Question

Assuming the balls to be identical except for difference in colours, the number of ways in which one or more balls can be selected from 10 white, 9 green and 7 black balls is
(a) 879
(b) 880
(c) 629
(d) 630

Answer 1

Hint: To solve this question we use a concept of selection of some elements from the given set of elements. Total number of ways in which a selection can be done by taking some or all out of \[(p+q+r)\] items where p are alike, q are alike, r alike is given by \[[(1+p)(1+q)(1+r)-1]\].

Complete step-by-step answer:
Similarly if we are given to determine or select more than (p+q+r) items from the set or (p+q+r…..) elements from the set then the number of ways to do so is \[[(1+p)(1+q)(1+r)........-1]\]

We are given in the question as 10 White, 9 Green and 7 Black balls.
To use the formula as stated let us assume p=10 White balls, q=9 Green balls and r=7 Black balls.
Now here in the question we are only given to determine the number of ways in which one or more balls can be selected from 10 white, 9 green and 7 black balls, that is, the number of ways in which one or more balls can be selected from p, q are r items.
We have, total number of ways in which a selection can be done by taking some or all of \[(p+q+r)\]items where p are alike , q are alike , r alike is given by \[[(1+p)(1+q)(1+r)-1]\].
Substituting the values of p=10, q=9 and r=7 we get,
\[[(1+p)(1+q)(1+r)-1]=[(1+10)(1+9)(1+7)-1]\]
\[\Rightarrow [(1+p)(1+q)(1+r)-1]=[(11)(10)(8)-1]\]
\[\Rightarrow [(1+p)(1+q)(1+r)-1]=[880-1]\]
\[\Rightarrow [(1+p)(1+q)(1+r)-1]=879\]
Hence, the total number of ways in which a selection can be done by taking some or all of \[(p+q+r)\]items where p are alike, q are alike, r alike is given by 879.

Therefore, the number of ways in which one or more balls can be selected from 10 white, 9 green and 7 black balls is 879.

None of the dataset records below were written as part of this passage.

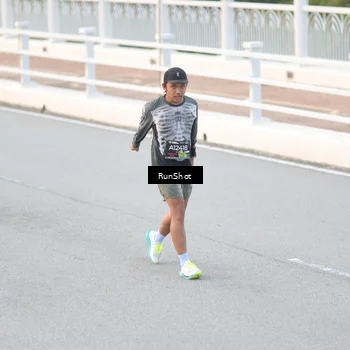 Runner Photo 6816029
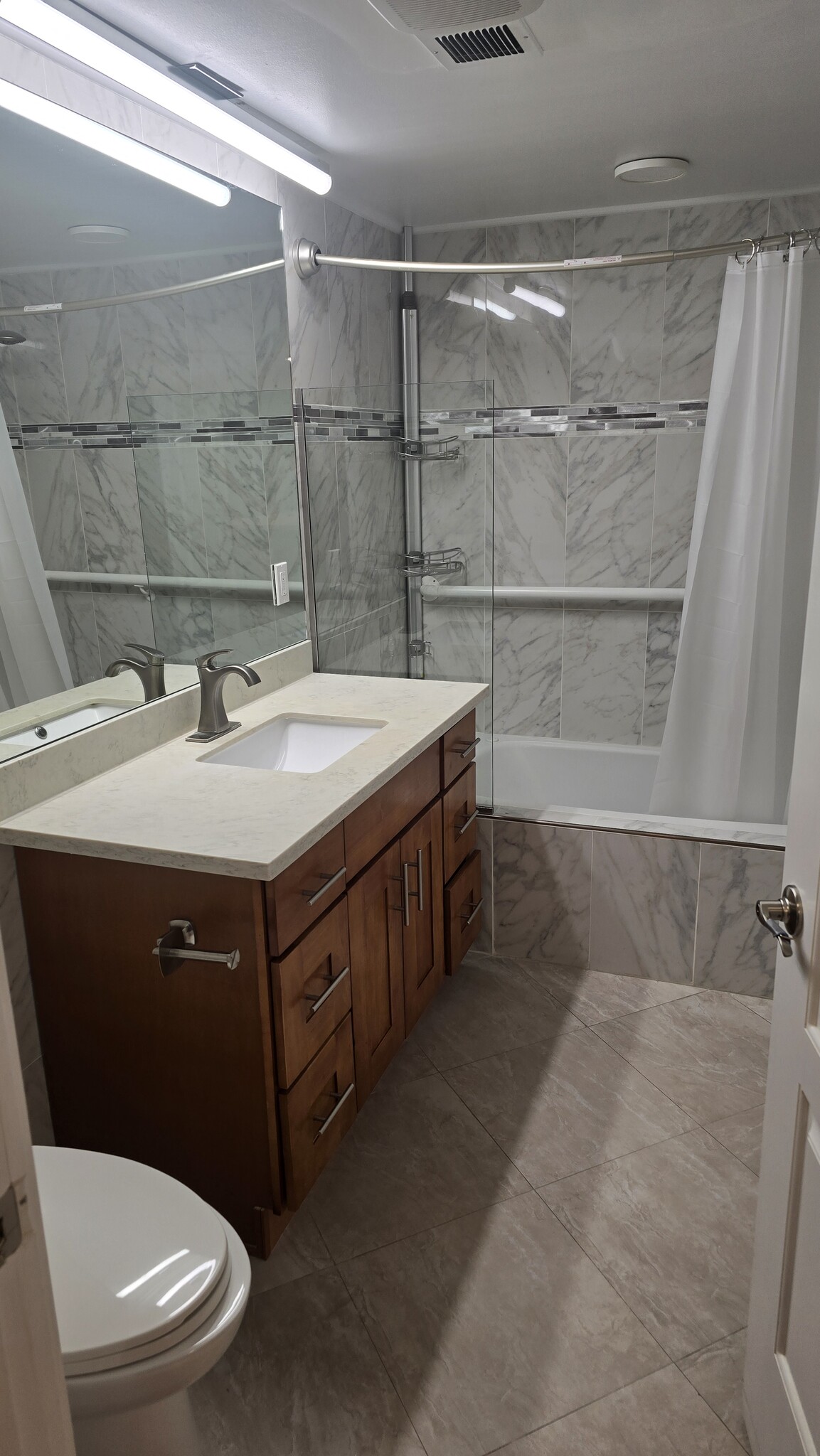 Building Photo - 7440 E Green Lake Dr N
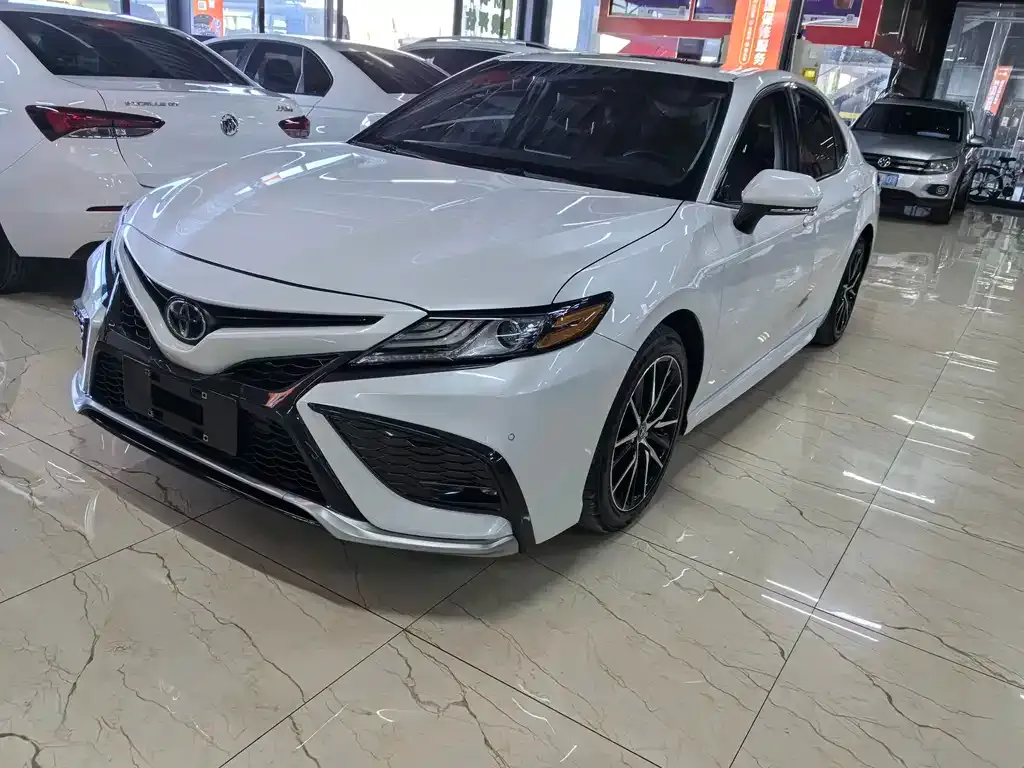 Toyota Camry — фото 1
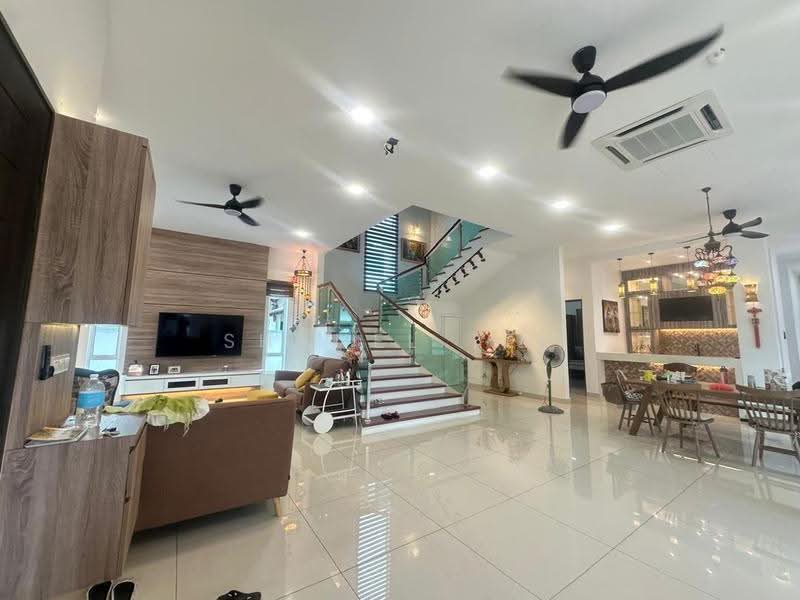 Bungalow House untuk Dijual di Taman Kluang Indah (Kluang) - Shanel Tee - Living Room - PropertyGuru.com.my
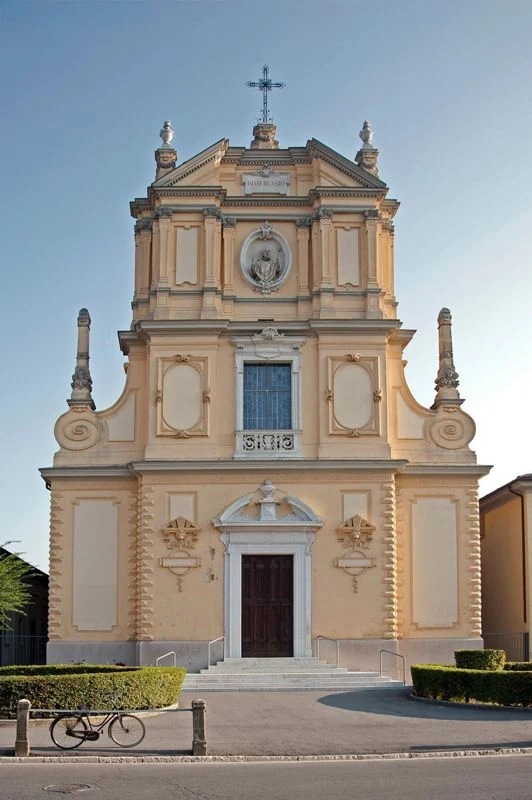 chiesa di San Biagio Vescovo, Milzano — Chiese e Santuari Lago di Garda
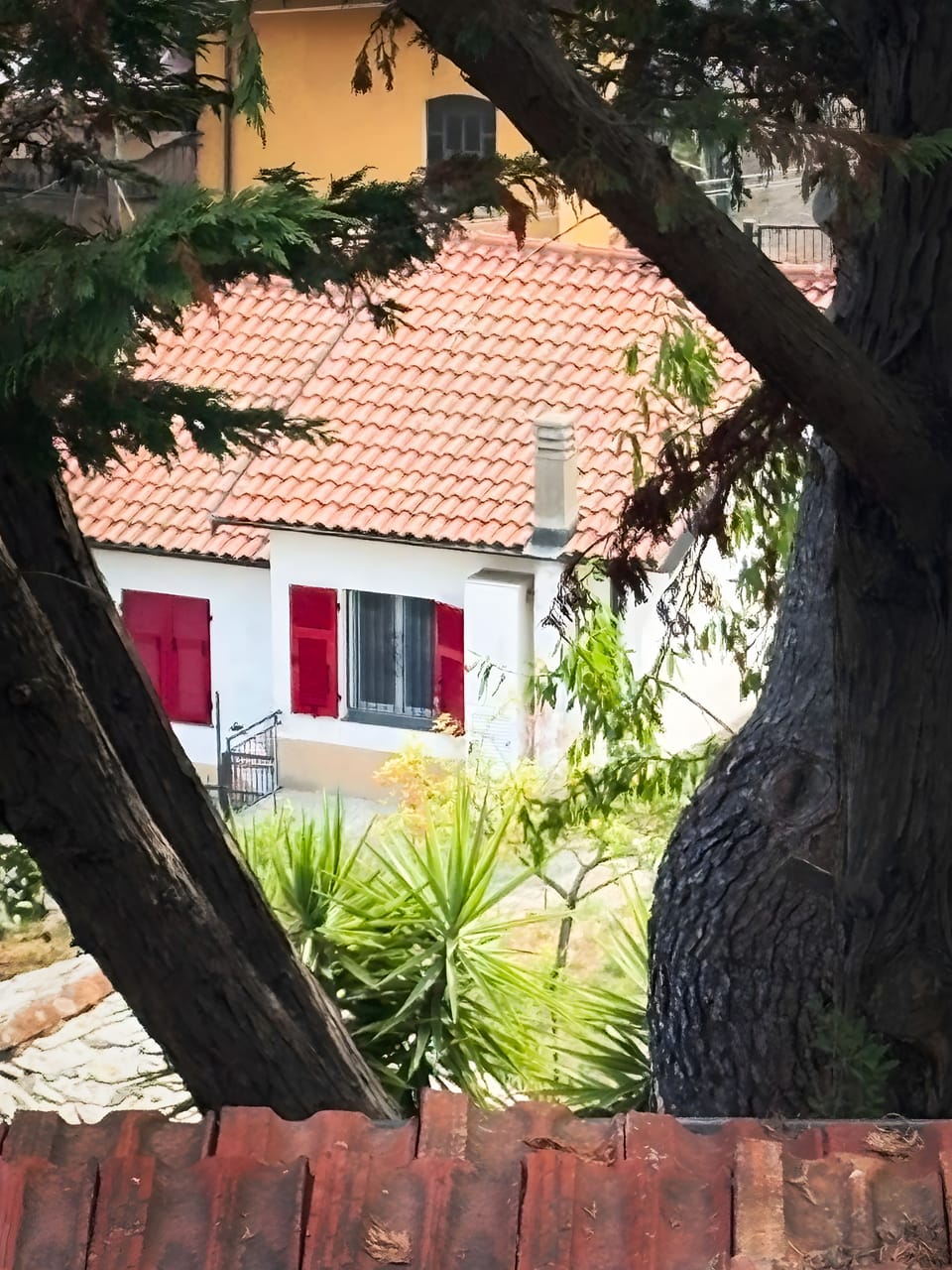 Apartment 'La Tana Dell'orso' with Mountain View, Private Terrace and Wi-Fi Apartment in Liguria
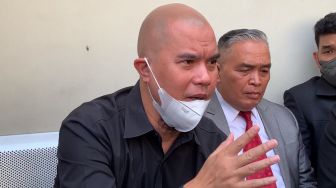 Ahmad Dhani Pilih Bahas Dewa 19 Ketimbang Legalisasi Akta Anak: Gak Terlalu Penting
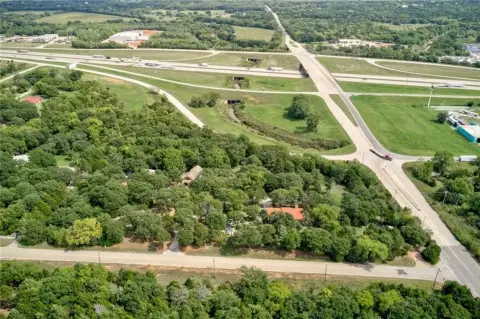 5.9 Acres on I-35 Corner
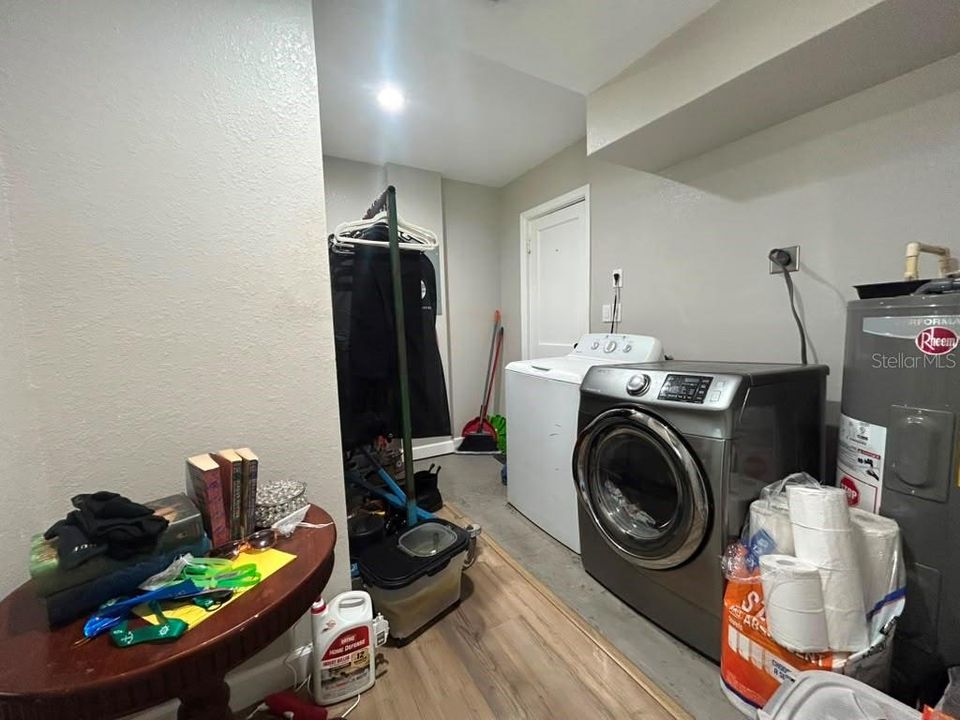 В аренду: $2,300 (3 спален, 1 ванн, 1035 Квадратных фут)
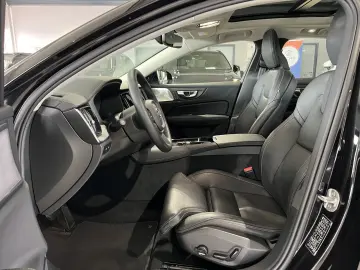 S60 T8 Ultimate Dark Recharge AWD B&W Massage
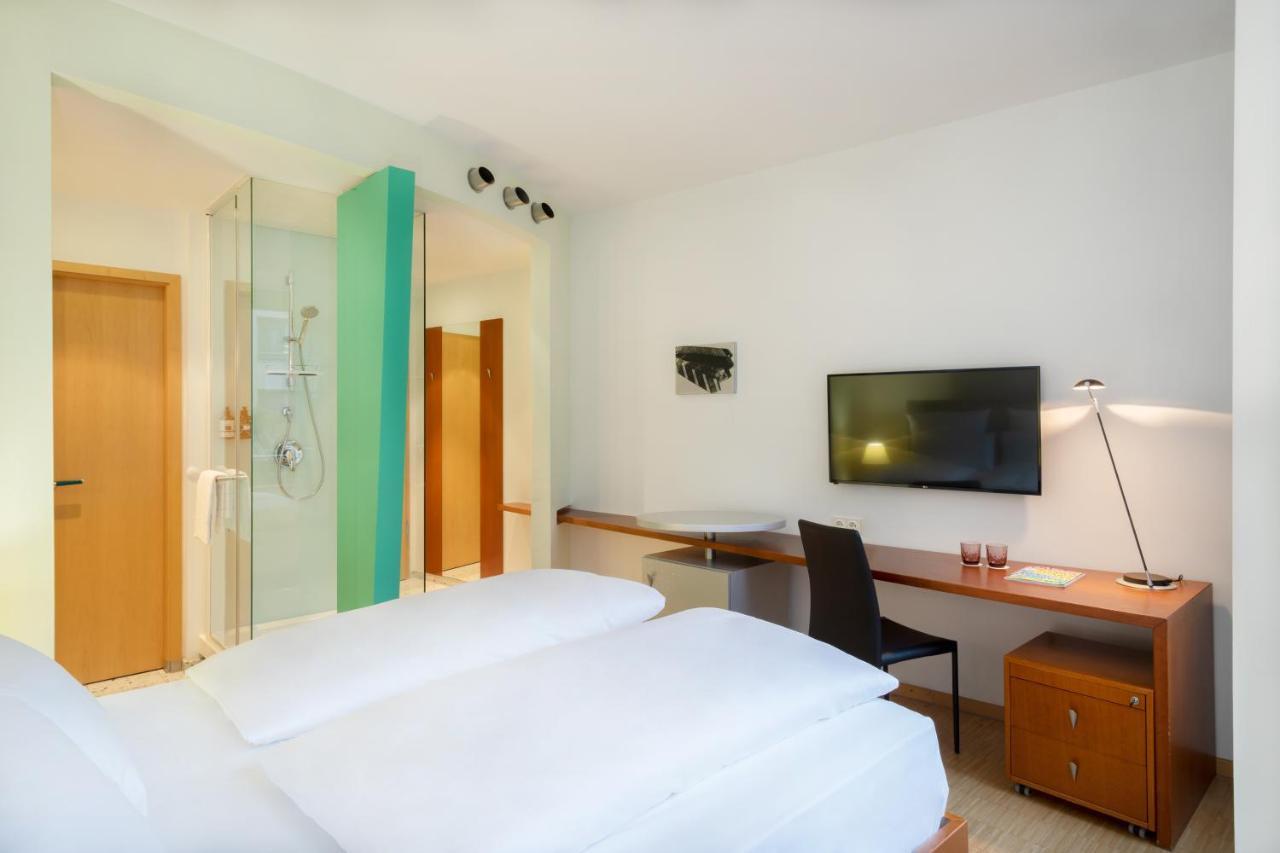 Four Munich Neue Messe Hotel Aschheim Bagian luar foto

Note: The possibility of mistake is that we can assume all balls of every colour to be distinct or different from each other, it will give a wrong implemented formula, which is not the case because given is that all the balls of same colour are identical and difference in between them is only considered only with respect to colour. There is also an alternative method to do this question which is given by selecting r out of n items as \[{}_{r}^{n}C=\dfrac{n!}{(r!)(n-r)!}\]